Updated: May 18, 2013 6:42AM



Perhaps the most interesting municipal election last week in the Southland was in Crestwood, where voters for the first time in decades had a real choice for mayor amid the lingering effects of the town’s alarming water scandal.

They elected Trustee Lou Presta, a longtime ally of former Mayor Chester Stranczek, whom federal prosecutors believe jeopardized the health of his residents for more than 20 years by ordering the use of polluted well water in the drinking supply. Presta easily defeated Trustee John Toscas, who ran on a platform of reform after nearly 45 years of rule by the Stranczek family, in a three-way race that included a pizzeria owner making his first run for public office.

The main issue in the election was Crestwood’s use of well water containing a carcinogen in its drinking water — a dangerous practice that led to the federal indictment of two top officials in the water department and a guilty plea by one of them last week. The feds didn’t charge Stranczek, likely because he suffers from dementia, but made it clear they believed he had ordered the use of the polluted water to save water costs.

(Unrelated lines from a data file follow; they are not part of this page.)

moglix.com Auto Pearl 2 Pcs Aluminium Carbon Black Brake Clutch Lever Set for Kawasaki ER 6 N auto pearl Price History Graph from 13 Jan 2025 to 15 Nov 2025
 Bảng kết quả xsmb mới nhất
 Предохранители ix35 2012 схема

We don’t know who would be the better mayor, but we want to see a more responsive and open village government — one that does away with the Kremlin-like secrecy that existed under Stranczek and his son.

Toscas pledged to do that — contending that electing Presta, a trustee for 23 years, would mean business as usual because he was a supporter of Chester Stranczek (mayor for 38 years) and his son Robert (mayor since 2007).

But just because Presta supported the Stranczeks doesn’t mean he will blindly follow them now that they are out of power. He said he was unaware of the use of the well water, and after winning the election, he vowed to be his “own man. I have a whole new slate. ... We’ll move the town forward.”

That should include a transparent government, with easy access to village records, issues being discussed and decisions made in open meetings and residents encouraged to speak at public meetings.

It’s a foreign concept in Crestwood but hopefully not for long.